As someone who had grown up in Washington, D.C., and recently moved to Africa from New York City—or simply as someone who had watched U.S. local news broadcasts and grown up consuming his country’s violent small- and large-screen offerings—I had been trained to think that urban scenes such as these were a unique product of my own country.
On subsequent transits through Paris, I was disabused of yet more of my naivete when I began taking trains into the central city instead of taxis. Maybe it was a labor strike that had caused me to do this at first, but the experience so intrigued me that I began making a habit of it. Not even in New York had I felt such a gulf between the popular image of a city and this kind of lived experience of it via public transportation.
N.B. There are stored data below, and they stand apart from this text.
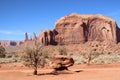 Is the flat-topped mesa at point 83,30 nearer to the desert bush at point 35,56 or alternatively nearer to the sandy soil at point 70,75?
the sandy soil at point 70,75

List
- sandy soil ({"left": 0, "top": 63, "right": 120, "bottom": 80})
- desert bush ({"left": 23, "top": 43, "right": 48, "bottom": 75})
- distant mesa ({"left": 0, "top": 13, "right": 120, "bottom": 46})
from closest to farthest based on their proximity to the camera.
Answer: sandy soil ({"left": 0, "top": 63, "right": 120, "bottom": 80})
desert bush ({"left": 23, "top": 43, "right": 48, "bottom": 75})
distant mesa ({"left": 0, "top": 13, "right": 120, "bottom": 46})

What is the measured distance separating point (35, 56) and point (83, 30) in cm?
13314

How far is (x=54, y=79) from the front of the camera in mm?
22859

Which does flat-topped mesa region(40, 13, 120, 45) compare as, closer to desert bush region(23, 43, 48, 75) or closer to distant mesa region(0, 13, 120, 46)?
distant mesa region(0, 13, 120, 46)

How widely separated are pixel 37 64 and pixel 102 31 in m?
140

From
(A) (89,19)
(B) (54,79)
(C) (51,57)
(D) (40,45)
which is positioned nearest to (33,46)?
(D) (40,45)

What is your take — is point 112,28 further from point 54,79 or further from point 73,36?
point 54,79

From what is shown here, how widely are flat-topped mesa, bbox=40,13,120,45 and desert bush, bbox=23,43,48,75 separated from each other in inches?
4802

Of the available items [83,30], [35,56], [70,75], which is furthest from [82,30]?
[70,75]

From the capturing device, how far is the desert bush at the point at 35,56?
1112 inches

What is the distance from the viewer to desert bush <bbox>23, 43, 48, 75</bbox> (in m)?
28.2

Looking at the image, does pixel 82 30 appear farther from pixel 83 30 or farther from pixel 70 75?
pixel 70 75

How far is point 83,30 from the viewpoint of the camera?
16012cm

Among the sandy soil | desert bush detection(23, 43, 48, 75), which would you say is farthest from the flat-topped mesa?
desert bush detection(23, 43, 48, 75)
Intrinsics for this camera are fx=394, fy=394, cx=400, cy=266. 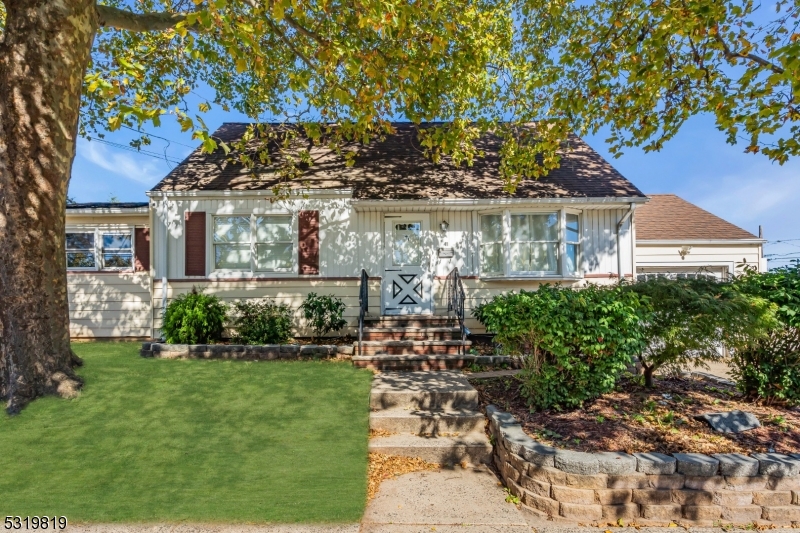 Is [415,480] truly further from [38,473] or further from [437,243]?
[437,243]

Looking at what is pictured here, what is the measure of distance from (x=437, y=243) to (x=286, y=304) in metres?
3.90

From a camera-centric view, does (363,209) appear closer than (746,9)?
No

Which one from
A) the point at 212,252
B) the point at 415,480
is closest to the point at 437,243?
the point at 212,252

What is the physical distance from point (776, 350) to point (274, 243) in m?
9.17

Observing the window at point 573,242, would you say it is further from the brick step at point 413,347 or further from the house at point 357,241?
the brick step at point 413,347

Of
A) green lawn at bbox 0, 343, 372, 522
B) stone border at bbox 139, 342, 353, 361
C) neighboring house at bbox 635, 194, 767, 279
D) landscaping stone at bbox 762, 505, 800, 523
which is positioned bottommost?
landscaping stone at bbox 762, 505, 800, 523

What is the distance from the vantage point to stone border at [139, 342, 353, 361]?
755 cm

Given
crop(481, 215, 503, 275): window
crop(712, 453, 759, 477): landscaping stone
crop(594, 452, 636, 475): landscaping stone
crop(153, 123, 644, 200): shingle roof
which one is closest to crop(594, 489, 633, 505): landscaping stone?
crop(594, 452, 636, 475): landscaping stone

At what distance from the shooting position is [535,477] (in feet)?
11.7

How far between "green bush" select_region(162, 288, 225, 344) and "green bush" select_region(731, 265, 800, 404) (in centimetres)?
893

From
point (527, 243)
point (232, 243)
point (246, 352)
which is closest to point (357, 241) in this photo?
point (232, 243)

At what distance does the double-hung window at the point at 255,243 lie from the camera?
9.50 m

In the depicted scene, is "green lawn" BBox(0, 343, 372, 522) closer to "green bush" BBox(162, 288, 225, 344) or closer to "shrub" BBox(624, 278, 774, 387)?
"green bush" BBox(162, 288, 225, 344)

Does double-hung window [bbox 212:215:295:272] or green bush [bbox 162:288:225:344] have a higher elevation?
double-hung window [bbox 212:215:295:272] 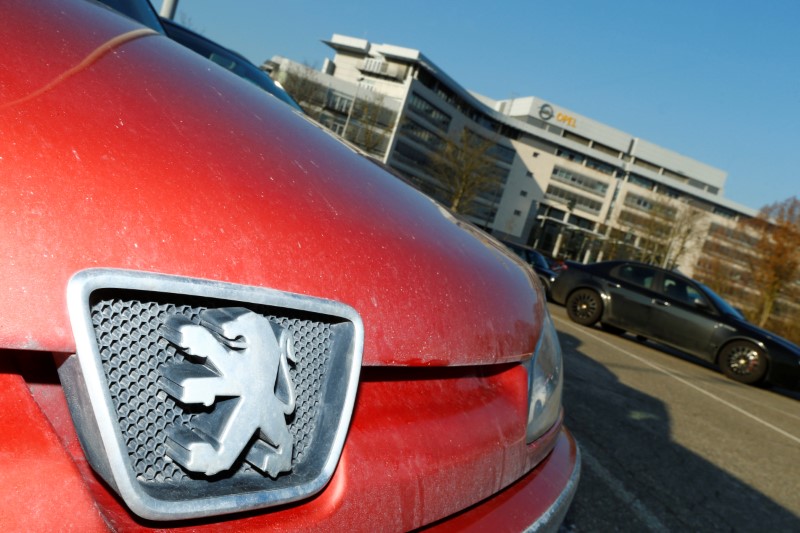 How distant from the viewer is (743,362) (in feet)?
31.1

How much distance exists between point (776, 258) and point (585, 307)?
23652mm

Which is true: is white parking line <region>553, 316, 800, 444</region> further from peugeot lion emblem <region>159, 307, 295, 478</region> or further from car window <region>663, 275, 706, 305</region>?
peugeot lion emblem <region>159, 307, 295, 478</region>

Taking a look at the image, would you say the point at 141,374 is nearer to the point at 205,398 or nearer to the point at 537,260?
the point at 205,398

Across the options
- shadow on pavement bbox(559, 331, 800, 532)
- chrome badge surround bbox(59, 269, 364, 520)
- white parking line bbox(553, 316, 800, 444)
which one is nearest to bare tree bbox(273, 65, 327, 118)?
white parking line bbox(553, 316, 800, 444)

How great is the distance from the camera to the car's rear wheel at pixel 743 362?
30.6 ft

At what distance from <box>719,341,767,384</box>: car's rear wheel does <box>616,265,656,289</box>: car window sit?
5.12ft

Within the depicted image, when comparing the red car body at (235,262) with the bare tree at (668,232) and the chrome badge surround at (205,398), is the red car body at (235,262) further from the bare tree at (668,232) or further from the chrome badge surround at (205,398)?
the bare tree at (668,232)

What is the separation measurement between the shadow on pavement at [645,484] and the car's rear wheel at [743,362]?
553 cm

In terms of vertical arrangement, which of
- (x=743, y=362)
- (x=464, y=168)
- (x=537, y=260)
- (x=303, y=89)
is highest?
(x=303, y=89)

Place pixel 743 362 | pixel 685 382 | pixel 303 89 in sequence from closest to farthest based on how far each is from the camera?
A: pixel 685 382 → pixel 743 362 → pixel 303 89

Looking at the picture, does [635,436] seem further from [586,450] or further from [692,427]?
[692,427]

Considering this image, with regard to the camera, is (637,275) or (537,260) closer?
(637,275)

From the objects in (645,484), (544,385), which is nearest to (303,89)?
(645,484)

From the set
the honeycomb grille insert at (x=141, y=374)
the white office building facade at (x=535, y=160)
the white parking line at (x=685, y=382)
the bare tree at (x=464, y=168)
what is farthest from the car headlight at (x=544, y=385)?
the white office building facade at (x=535, y=160)
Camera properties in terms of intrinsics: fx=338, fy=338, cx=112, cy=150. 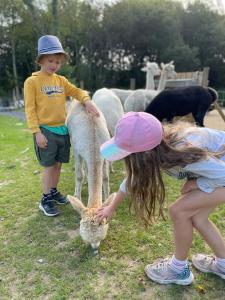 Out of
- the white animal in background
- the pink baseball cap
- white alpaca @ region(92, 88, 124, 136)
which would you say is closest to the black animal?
white alpaca @ region(92, 88, 124, 136)

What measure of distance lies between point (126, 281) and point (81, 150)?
1706 mm

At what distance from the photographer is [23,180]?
5531 mm

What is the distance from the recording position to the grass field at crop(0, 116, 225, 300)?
9.19 ft

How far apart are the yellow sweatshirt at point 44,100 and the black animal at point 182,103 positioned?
3.16 m

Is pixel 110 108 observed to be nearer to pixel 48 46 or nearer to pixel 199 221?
pixel 48 46

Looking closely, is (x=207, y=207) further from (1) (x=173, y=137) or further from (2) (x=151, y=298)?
(2) (x=151, y=298)

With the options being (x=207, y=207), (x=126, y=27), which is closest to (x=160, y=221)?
(x=207, y=207)

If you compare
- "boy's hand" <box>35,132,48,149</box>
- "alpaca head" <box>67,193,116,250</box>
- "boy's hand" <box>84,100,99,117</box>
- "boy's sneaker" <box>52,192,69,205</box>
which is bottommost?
"boy's sneaker" <box>52,192,69,205</box>

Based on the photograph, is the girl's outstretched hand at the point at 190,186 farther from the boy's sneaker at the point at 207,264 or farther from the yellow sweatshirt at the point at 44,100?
the yellow sweatshirt at the point at 44,100

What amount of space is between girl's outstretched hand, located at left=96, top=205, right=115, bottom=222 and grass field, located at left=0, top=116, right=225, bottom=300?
53cm

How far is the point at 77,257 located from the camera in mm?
3285

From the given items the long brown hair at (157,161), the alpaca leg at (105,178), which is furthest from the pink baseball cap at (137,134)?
the alpaca leg at (105,178)

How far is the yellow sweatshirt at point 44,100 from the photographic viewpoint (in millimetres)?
3877

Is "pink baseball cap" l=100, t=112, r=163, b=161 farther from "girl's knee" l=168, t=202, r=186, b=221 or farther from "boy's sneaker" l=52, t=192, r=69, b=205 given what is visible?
"boy's sneaker" l=52, t=192, r=69, b=205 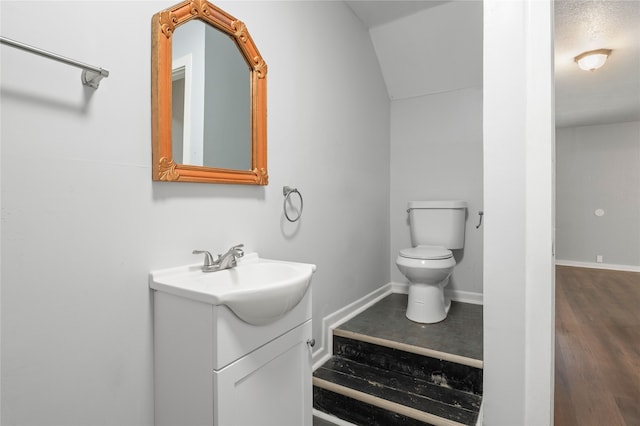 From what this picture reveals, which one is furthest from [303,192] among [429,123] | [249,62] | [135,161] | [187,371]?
[429,123]

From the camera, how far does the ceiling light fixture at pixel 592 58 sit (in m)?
2.51

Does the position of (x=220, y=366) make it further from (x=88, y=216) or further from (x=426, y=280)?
(x=426, y=280)

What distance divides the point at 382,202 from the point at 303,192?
3.79ft

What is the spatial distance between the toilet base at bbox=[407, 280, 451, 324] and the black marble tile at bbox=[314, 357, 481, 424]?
0.49 metres

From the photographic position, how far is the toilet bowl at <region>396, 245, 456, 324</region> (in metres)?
2.05

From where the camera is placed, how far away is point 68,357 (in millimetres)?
857

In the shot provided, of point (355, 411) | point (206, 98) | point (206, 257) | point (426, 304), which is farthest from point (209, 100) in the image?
point (426, 304)

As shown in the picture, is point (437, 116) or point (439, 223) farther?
point (437, 116)

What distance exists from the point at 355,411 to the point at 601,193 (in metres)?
4.36

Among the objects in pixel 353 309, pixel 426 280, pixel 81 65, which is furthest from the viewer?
pixel 353 309

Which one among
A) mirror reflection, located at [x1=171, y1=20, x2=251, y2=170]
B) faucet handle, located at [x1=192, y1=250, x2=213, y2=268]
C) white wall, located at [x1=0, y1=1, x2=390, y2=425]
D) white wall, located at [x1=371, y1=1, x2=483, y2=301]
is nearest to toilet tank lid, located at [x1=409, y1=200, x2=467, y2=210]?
white wall, located at [x1=371, y1=1, x2=483, y2=301]

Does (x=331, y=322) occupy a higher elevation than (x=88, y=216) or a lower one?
lower

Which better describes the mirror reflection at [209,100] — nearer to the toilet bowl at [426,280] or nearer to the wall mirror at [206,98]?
the wall mirror at [206,98]

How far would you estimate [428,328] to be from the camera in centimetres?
200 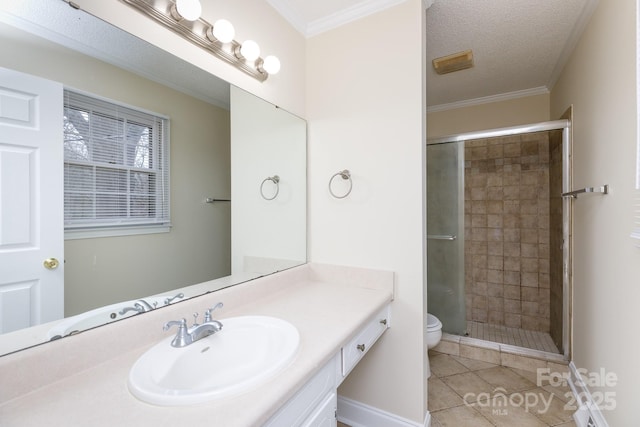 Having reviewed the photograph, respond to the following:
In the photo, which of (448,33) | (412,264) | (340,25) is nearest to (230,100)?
(340,25)

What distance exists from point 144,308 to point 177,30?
105cm

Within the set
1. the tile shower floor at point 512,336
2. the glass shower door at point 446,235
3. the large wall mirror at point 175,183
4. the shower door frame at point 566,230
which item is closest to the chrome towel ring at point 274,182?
the large wall mirror at point 175,183

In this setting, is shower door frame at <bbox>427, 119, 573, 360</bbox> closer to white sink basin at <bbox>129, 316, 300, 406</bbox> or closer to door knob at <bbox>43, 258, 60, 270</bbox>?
white sink basin at <bbox>129, 316, 300, 406</bbox>

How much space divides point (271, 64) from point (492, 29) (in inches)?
59.8

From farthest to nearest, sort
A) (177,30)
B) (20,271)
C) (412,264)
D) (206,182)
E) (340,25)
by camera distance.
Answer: (340,25) < (412,264) < (206,182) < (177,30) < (20,271)

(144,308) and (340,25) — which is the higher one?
(340,25)

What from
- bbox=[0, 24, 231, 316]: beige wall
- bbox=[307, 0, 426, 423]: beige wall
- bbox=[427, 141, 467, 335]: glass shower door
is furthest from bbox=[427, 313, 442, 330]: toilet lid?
bbox=[0, 24, 231, 316]: beige wall

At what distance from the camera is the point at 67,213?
81 cm

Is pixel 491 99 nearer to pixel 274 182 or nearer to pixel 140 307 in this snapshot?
pixel 274 182

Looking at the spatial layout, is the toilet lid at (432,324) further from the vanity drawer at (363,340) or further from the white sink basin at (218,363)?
the white sink basin at (218,363)

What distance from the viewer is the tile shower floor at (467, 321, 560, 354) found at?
2395mm

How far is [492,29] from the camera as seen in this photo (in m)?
1.84

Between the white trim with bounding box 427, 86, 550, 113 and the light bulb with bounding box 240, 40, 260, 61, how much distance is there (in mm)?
2480

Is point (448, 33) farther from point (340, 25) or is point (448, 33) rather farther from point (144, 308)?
point (144, 308) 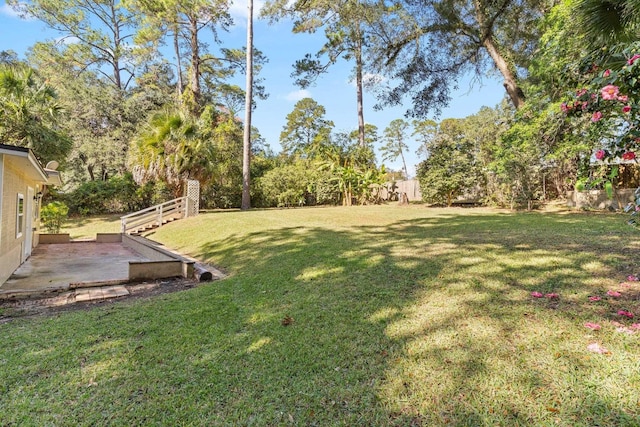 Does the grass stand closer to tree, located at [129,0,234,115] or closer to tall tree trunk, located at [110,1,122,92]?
tree, located at [129,0,234,115]

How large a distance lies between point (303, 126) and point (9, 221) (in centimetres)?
2993

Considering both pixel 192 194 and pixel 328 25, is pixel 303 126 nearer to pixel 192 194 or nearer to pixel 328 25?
pixel 328 25

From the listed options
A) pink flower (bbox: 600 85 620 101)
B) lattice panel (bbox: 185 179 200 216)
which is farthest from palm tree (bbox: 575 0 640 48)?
lattice panel (bbox: 185 179 200 216)

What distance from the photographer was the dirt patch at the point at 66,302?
4.62 meters

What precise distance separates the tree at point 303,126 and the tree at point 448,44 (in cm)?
1975

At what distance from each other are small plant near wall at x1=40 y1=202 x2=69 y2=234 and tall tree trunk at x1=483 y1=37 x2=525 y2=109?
17.3 metres

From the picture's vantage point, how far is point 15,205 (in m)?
6.80

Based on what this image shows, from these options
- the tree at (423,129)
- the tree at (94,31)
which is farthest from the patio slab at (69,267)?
the tree at (423,129)

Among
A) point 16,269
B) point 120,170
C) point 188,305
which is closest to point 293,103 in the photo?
point 120,170

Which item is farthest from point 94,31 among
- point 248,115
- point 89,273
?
point 89,273

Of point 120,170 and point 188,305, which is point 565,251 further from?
point 120,170

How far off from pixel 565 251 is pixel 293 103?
31898mm

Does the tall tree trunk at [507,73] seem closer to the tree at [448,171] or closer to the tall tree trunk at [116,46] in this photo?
the tree at [448,171]

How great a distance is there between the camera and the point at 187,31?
22953 mm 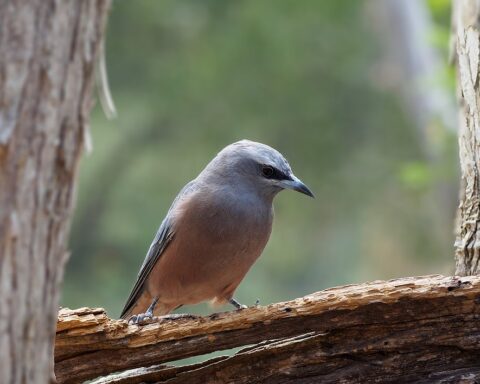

For long sections of these rides, the cars were filled with Black and brown people–– overwhelmingly young and, I surmised, overwhelmingly either the children of recent immigrants or immigrants themselves, with France’s former colonies in North and sub-Saharan Africa the most likely places of origin. Before reaching the stylish, urban dreamland exalted in countless romantic Hollywood fantasies and more than a century of novels and travel writing, one must traverse something altogether different and discordant: a huge expanse of what the French rather delicately refer to as banlieues. They needn’t have resorted to the term, though. For many of these places, the old European word “ghetto” would have fit just fine.
Passing through and eventually visiting some of them, I was reminded of other grim cityscapes I have known in other parts of the world. The comparisons are admittedly not perfect, but segregated townships built under South African apartheid came to mind, as did some of the bleaker sections of New York where I had once paid dues as a local reporter, such as the more depressed parts of the Bronx.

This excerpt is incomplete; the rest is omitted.